Vladimir glanced at his laptop and camera on the dresser. At this stage of the game, a photograph of James’s little girl and the message “Accidents Happen” wasn’t going to do the trick. It wasn’t original anyway, just something he’d borrowed from Tony from Watertown after listening to Ryan’s radio show.
“I’ll be sure to make him understand,” he said, tapping the flat edge of his straight razor against his thigh.
AROUND
11:00
P.M. RYAN PLANTED A GOOD-NIGHT KISS ON
Ainsley’s forehead. She was sound asleep in her grandparents’ guest room, and he could smell the bubblegum-flavored toothpaste on her breath. Her toes were pressed up against the headboard, and her head was pointed toward the foot of the bed, which meant that she was deep in dreamland. It would be midnight by the time Ryan returned to Boston, and he didn’t see any point in waking her just to strap her in a booster seat for the long car ride home.
“Tell Ainsley I’ll be back in time to take her to lunch,” he told Rachel.
His mother-in-law was standing on the covered front porch of their brownstone, her arms folded tightly in the chilly night air.
“Are you sure it’s okay for her to miss school tomorrow?”
“Relax,” said Ryan. “This is a legitimate family crisis. At Brookline Academy, they give kids an excused absence to catch the ‘Last Call’ sale at Neiman Marcus.”
“Really?”
“No,” he said, smiling.
Rachel swatted him playfully and offered a little smile in return.
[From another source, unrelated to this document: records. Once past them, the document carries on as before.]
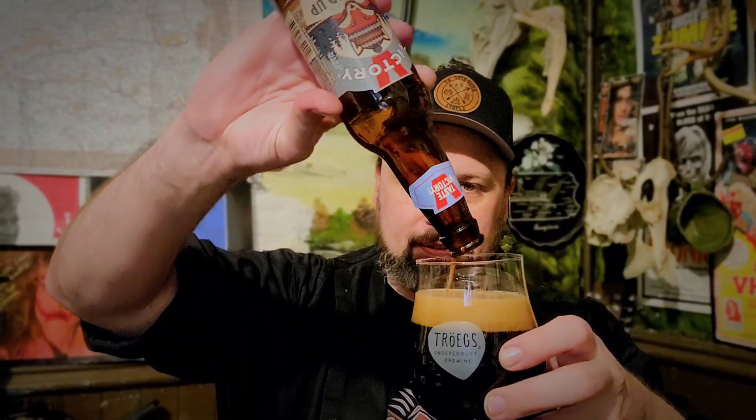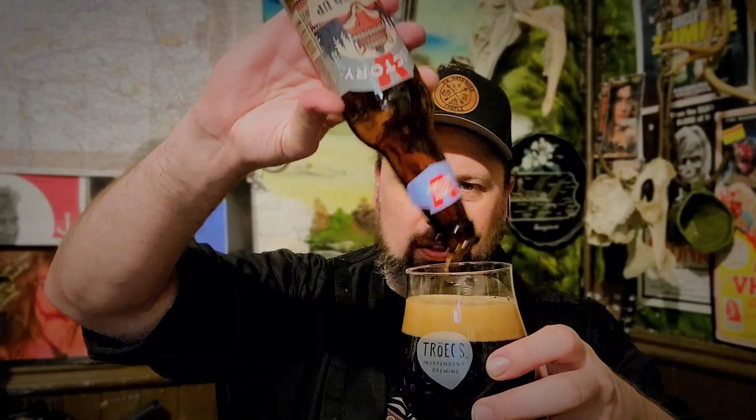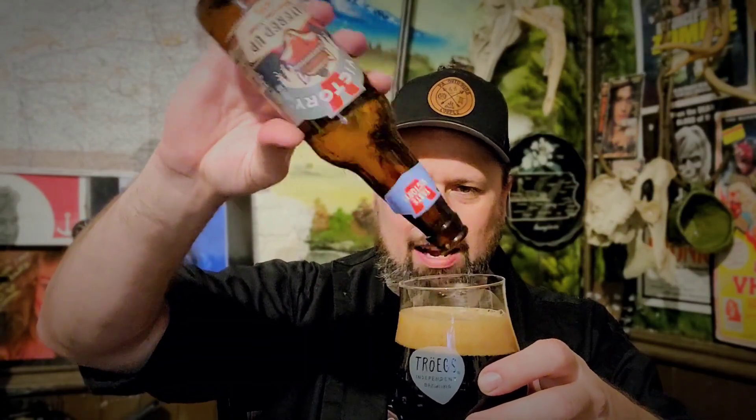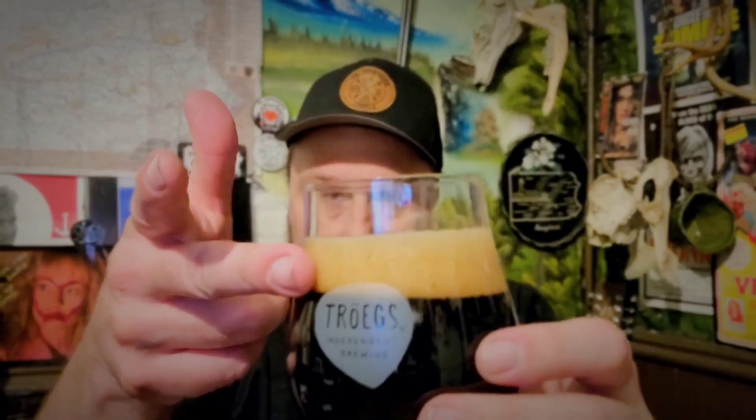16.5 would have been better, but let's try it. Look at that. Nice look to this one — khaki colored head. Don't really see a lot of proteins grabbing. It only is 6.5% though, so it's gonna be probably a bit thin, but let's check it out.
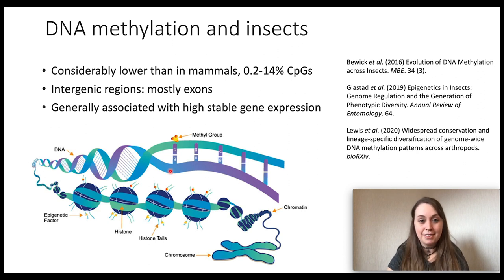DNA methylation is an epigenetic mark — it's the addition of a methyl group to a cytosine nucleotide. It's very different in mammals and plants compared to insects or arthropods more generally. In insects, it's found generally in low levels and in coding regions, and it's usually associated with high, stable gene expression. And recently, promoter methylation has been discovered in a couple of insect species, and this has been associated with lower levels of gene expression, which is really exciting.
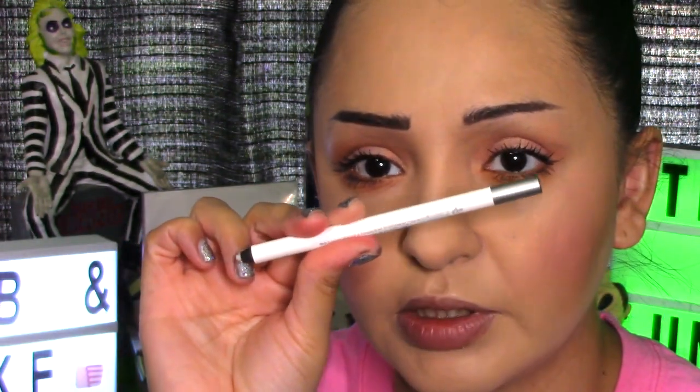I usually line my lips with the Urban Decay 24/7 invisible lip liner in the shade Ozone. I don't typically line my lips, but with creamier texture lipsticks I do because it bleeds out the corners of my mouth. I did put on a night mask of some Carmex and a lip balm this morning — the Lancôme Precious Cells lip balm.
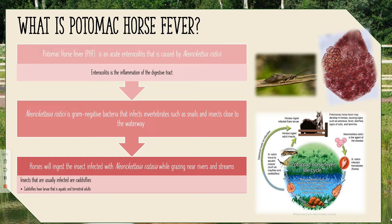Now, what is Neorickettsia risticii? Neorickettsia risticii is this organism that is infected with a gram-negative bacteria. What basically happens is it's a gram-negative bacteria that infects invertebrates such as snails and insects close to waterways.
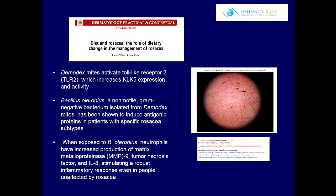What's interesting is that when you take this bacteria and expose patients or skin to it, matrix metalloproteinase increases, tumor necrosis factor increases, and IL-8 increases. So all of these inflammatory responses get increased by this bacteria.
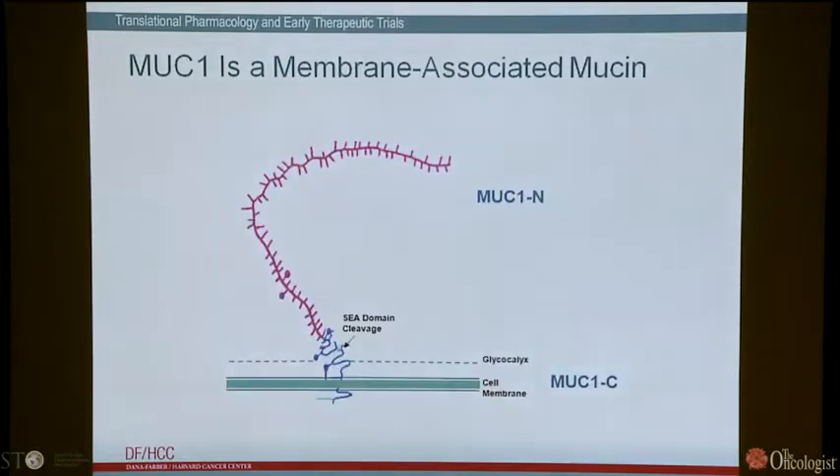MUC1 is a transmembrane mucin. It's synthesized as a single polypeptide, undergoes autocleavage in the ER, and then moves to the cell membrane as a heterodimer. The N-terminal subunit, MUC1N, contains these tandem repeats that are extensively glycosylated — this is the mucin component of the heterodimer. It's tethered to the cell surface in a complex with the transmembrane subunit, or carboxy-terminal subunit, MUC1C. Early attempts at targeting MUC1 were focused on the N-terminal subunit, because it's easy to make antibodies against it, but these attempts were uniformly unsuccessful, largely because this subunit is shed from the cell surface.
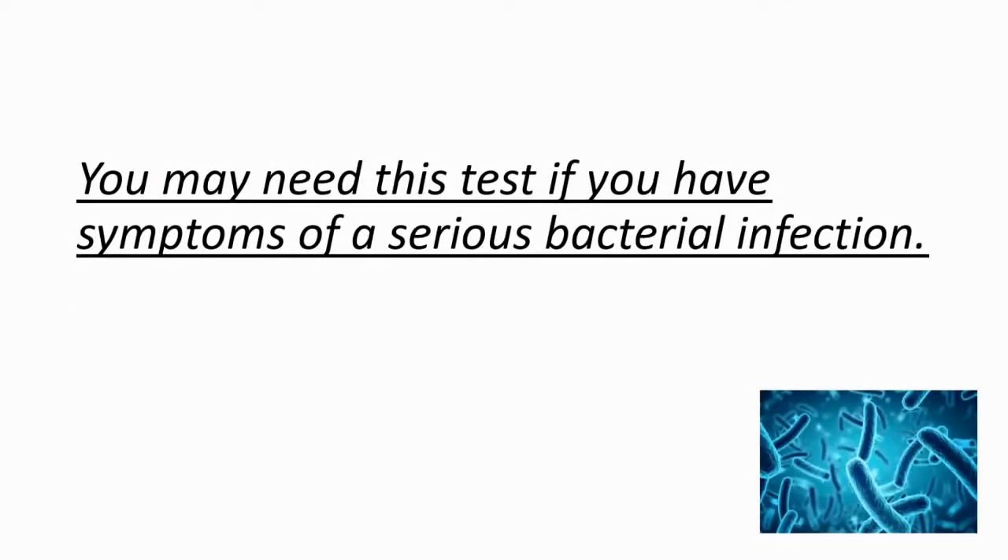You may need this test if you have symptoms of a serious bacterial infection. Those symptoms include fever, chills, rapid breathing, rapid heart rate, nausea, and vomiting.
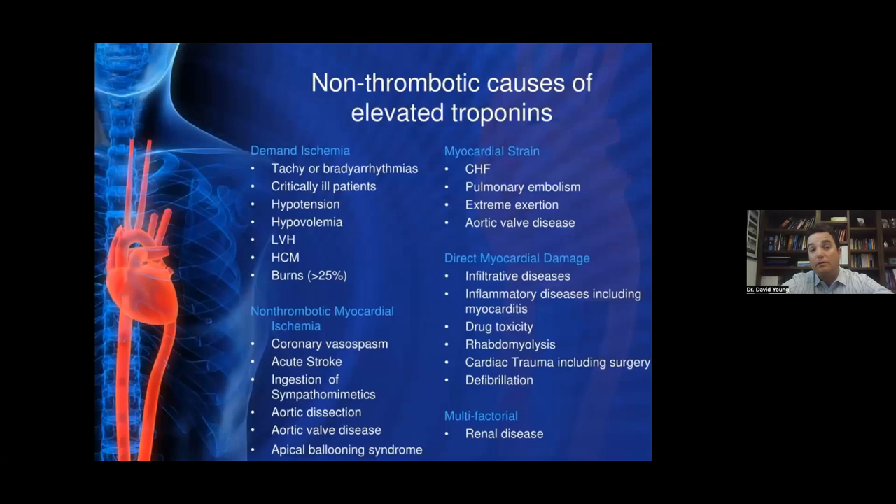Troponin elevation is not unique to heart attacks. Many things can elevate troponin without a blocked artery. If your heart's beating too fast or too slow, you can develop demand ischemia — a mismatch between the oxygen the heart wants and what can be delivered. Critically ill patients in the ICU will have elevated troponin. Non-thrombotic mechanisms like arterial spasm or certain substance ingestion can cause it. Strain on the heart from congestive heart failure or blood clots going to the lungs can cause troponin elevation. Inflammatory conditions like myocarditis can also lead to troponin elevation.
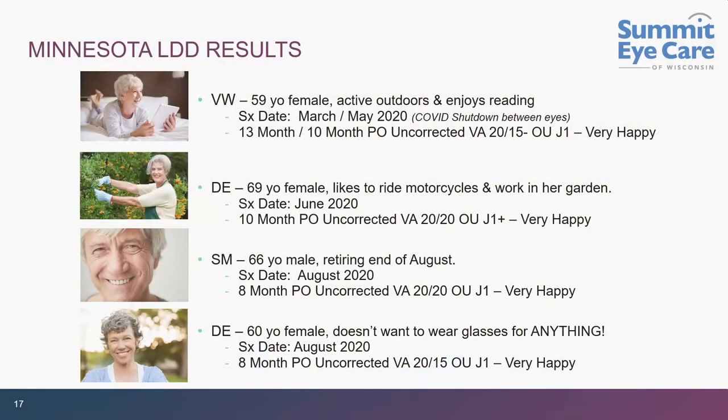There is less shadowing, and you don't need to counsel patients as much as for your average premium lens. For patients worried about long-term outcomes, here are four patients Dr. Vukic performed surgery on eight to ten months ago — every single one of them is at least 20/20 or better OU with J1. Very happy, no regression. It is a solid lens.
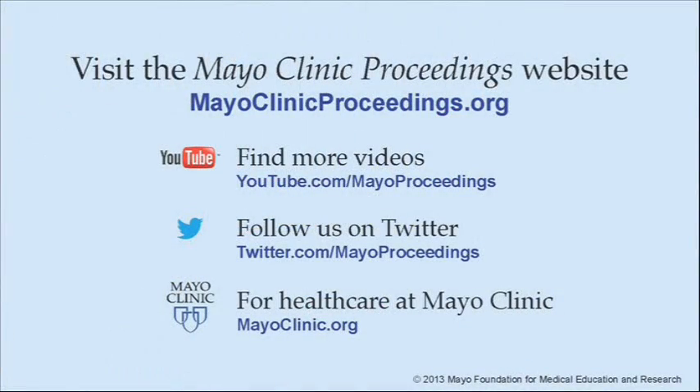We hope you've benefited from this presentation based on the content of Mayo Clinic Proceedings. Our journal's mission is to promote the best interests of patients by advancing the knowledge and professionalism of the physician community. For more information about Mayo Clinic Proceedings, visit www.mayoclinicproceedings.org, where you'll find additional videos on our YouTube channel and can follow us on Twitter. For more information on healthcare at Mayo Clinic, visit www.mayoclinic.org.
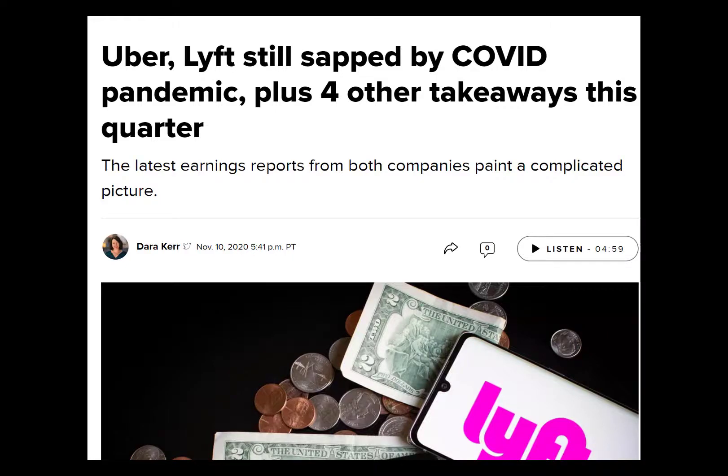The past few months, Uber's business has struggled due to coronavirus. Let's look at this company a little closer to figure out whether it's a buy or a sell.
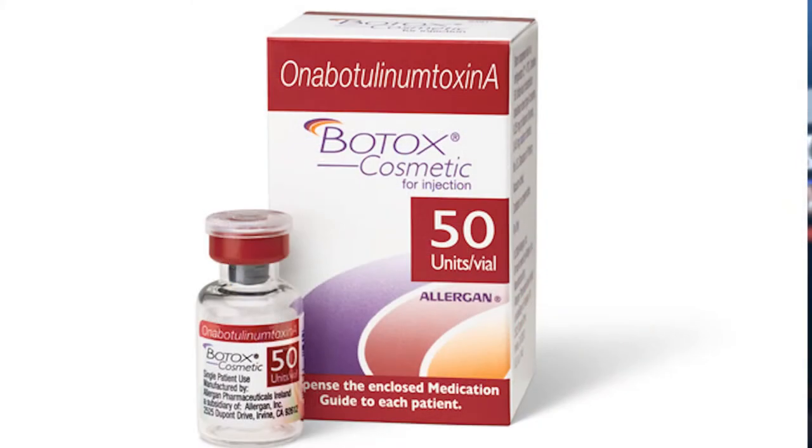Joined now by Dr. Sabriya Tomar. Tell us about BOTOX. BOTOX is botulinum toxin. It is used to relax muscles, and relaxing the muscles decreases the appearance of lines caused by muscle action. It is used in areas like the forehead and frown lines — those are the traditional areas where we've been using BOTOX.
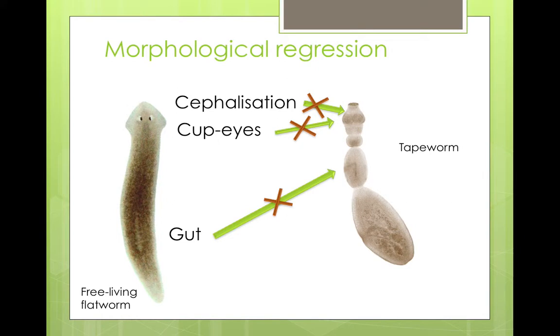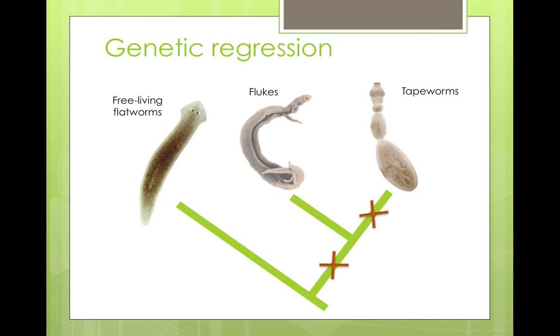Tapeworms show some fantastic morphological regression. They're a classic example of how parasites lose a lot of their external and internal organs. Compared to free-living flatworms, they have lost their gut, they have lost cup eyes and cephalisation. And we were interested to see, when we sequenced these four tapeworm genomes, if there is a genetic regression that is mirroring their morphological regression.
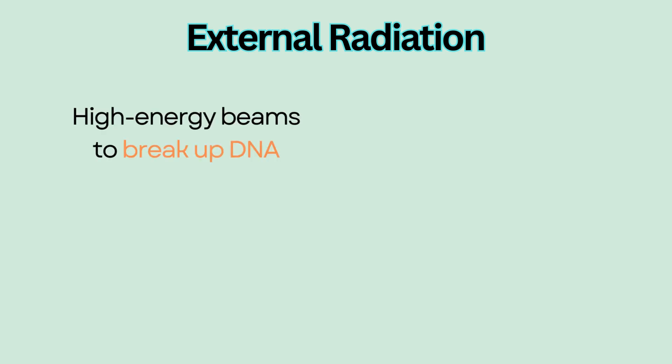External radiation therapy is a targeting therapy that uses high-energy beams to break up DNA within cancer cells, leading to cell death.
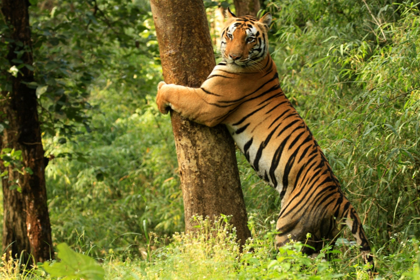An economic assessment study of Kanha Tiger Reserve estimated that the Tiger Reserve provides flow benefits worth ₹16.5 billion annually. Important ecosystem services include gene pool protection, provisioning of water to downstream regions, provisioning of fodder in buffer areas, recreation value, provision of habitat and refugia for wildlife, and sequestration of carbon.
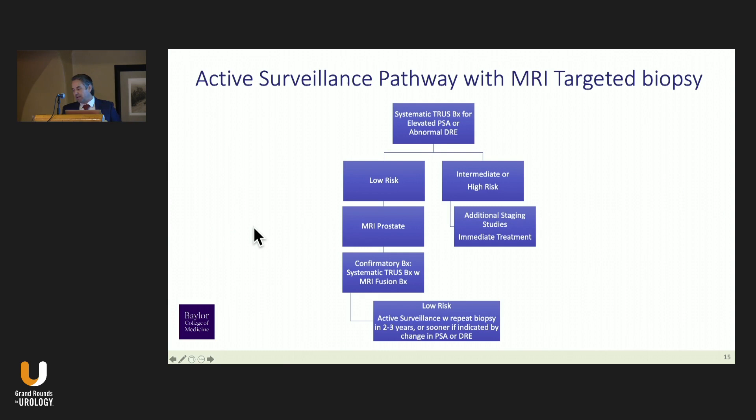This is my algorithm for the VA. We start with a systematic transrectal biopsy; we don't do an MRI initially. This filters out a large portion of the population that's intermediate and high risk, for whom we encourage immediate treatment. For patients who are low risk, we follow with an MRI of the prostate and then do a systematic and fusion biopsy at the confirmatory setting. We then do surveillance biopsies every two to three years, or if there are changes in PSA density or DRE.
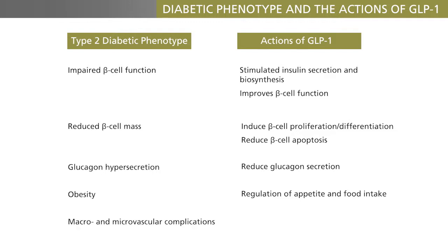The patients very often have cardiovascular complications, and GLP-1 has been documented to have a number of beneficial actions on the cardiovascular system. Some of these effects may be secondary to the weight loss, but others may be more specific.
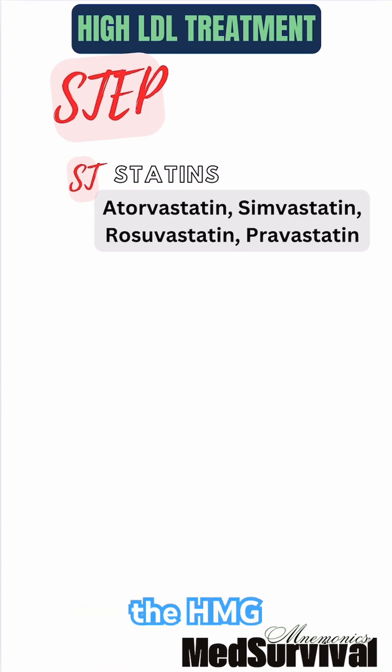Statins work by blocking the HMG-CoA reductase enzyme, which your liver uses to make cholesterol. Common statins include atorvastatin, simvastatin, rosuvastatin, and pravastatin.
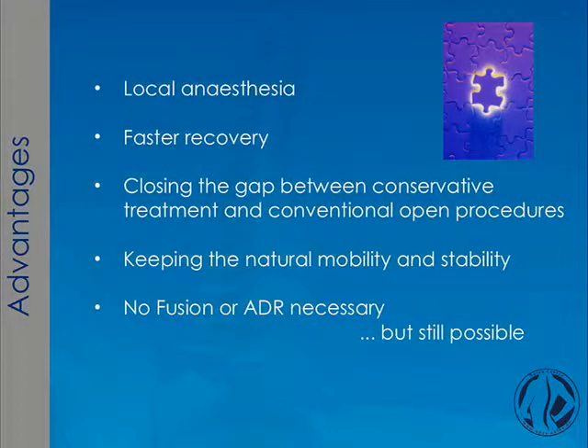For me personally and for my patients, what is the advantage? The advantage is, first, you can perform this procedure under local anesthesia. I see a much faster recovery compared to the golden standard treatment. I think this procedure is closing the gap between conservative treatment and conventional open procedures — meaning fusions or disc replacements. Additionally, with this procedure we can keep the natural mobility and stability. A fusion or ADR is not necessary, but still possible if we have a failure.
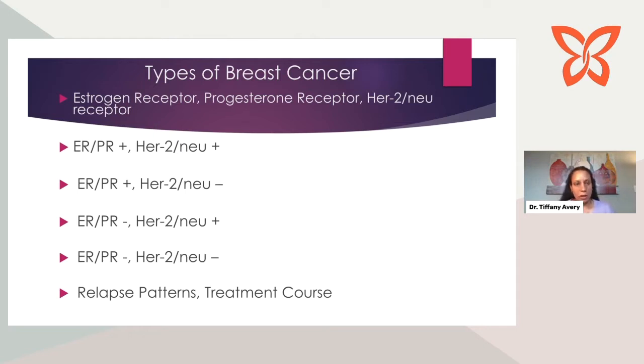What are the different types of breast cancer? With a new diagnosis, we need to know three receptors and whether they're present in that cancer: the estrogen receptor (ER), the progesterone receptor (PR), and HER2-neu. We can have different combinations of whether a tumor expresses those receptors. Triple-positive cancer is ER, PR, and HER2-neu positive — meaning all three receptors are expressed.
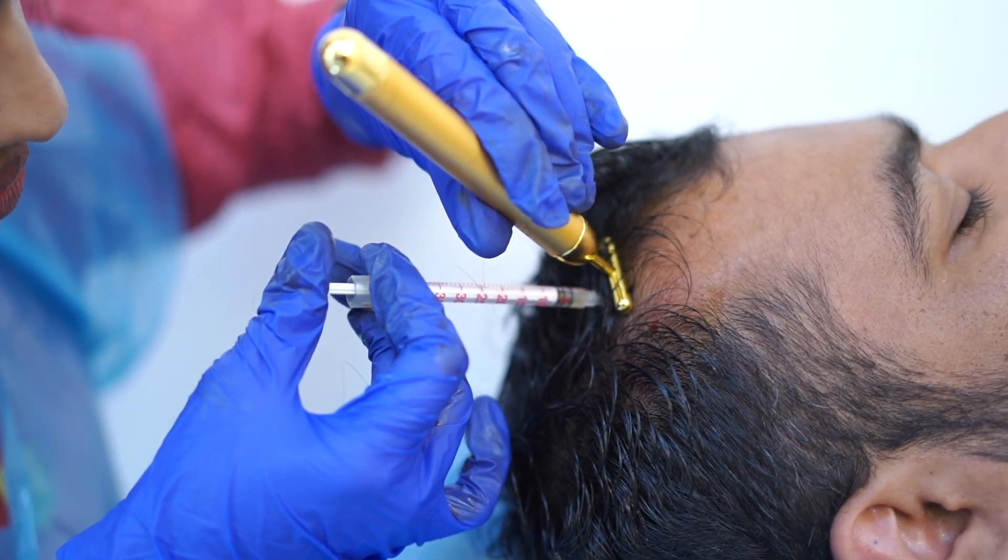We apply two steps for pain management: first, we apply local anesthetic cream, and then we inject PRP using a vibrator device. This device adjusts to the hair follicle stem cells and helps reduce pain and vibration sensation during the procedure.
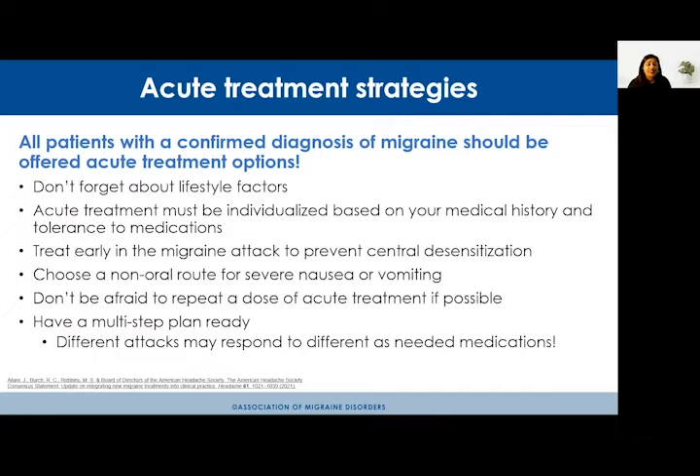Another important point is not to forget about lifestyle factors. Lifestyle triggers and lifestyle changes play a big role in triggering migraine attacks. With the pandemic, many people are working from home, staring at computer screens for longer periods, drinking more caffeine, and experiencing higher stress levels. I'm seeing that this perfect storm can really produce migraine attacks for patients.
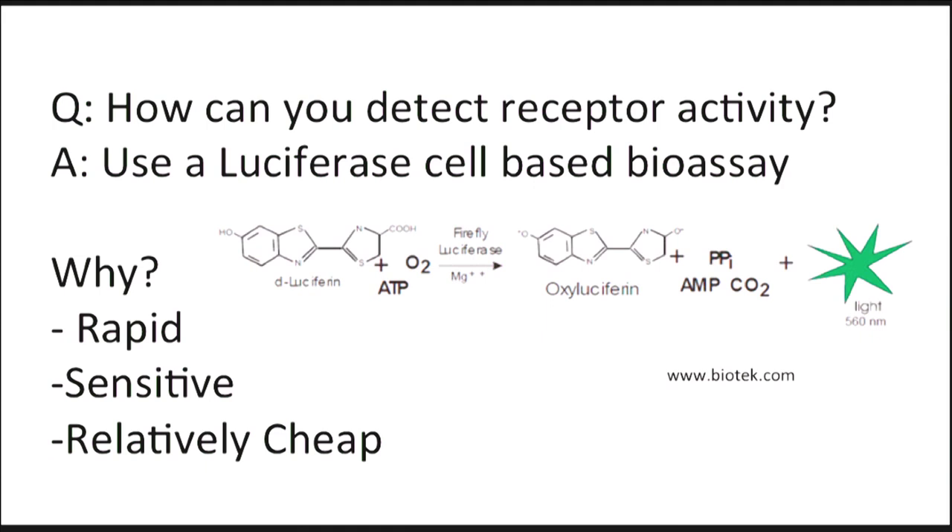Now these bioluminescent cells will emit light because of this luciferase enzyme. And in order to detect this light, we place this into a machine. And as your receptor starts binding to hormones and hormone-like molecules in your serum, light will be emitted.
It was the first hint he’d seen of her sense of humor since Babes had disappeared.
“Drive carefully,” she said, parting words that had special meaning in their family. Then she gave him a kiss on the cheek and went inside.
Ryan’s car was parked on the street around the corner, about a block and a half away. He followed the stepping-stones across the Townsends’ tiny front lawn to the tree-lined side street. A rush of wind stirred the leaves overhead. A few fluttered downward and fell in Ryan’s path, but it was still a bit too early for Rhode Island’s red maple trees to surrender to autumn.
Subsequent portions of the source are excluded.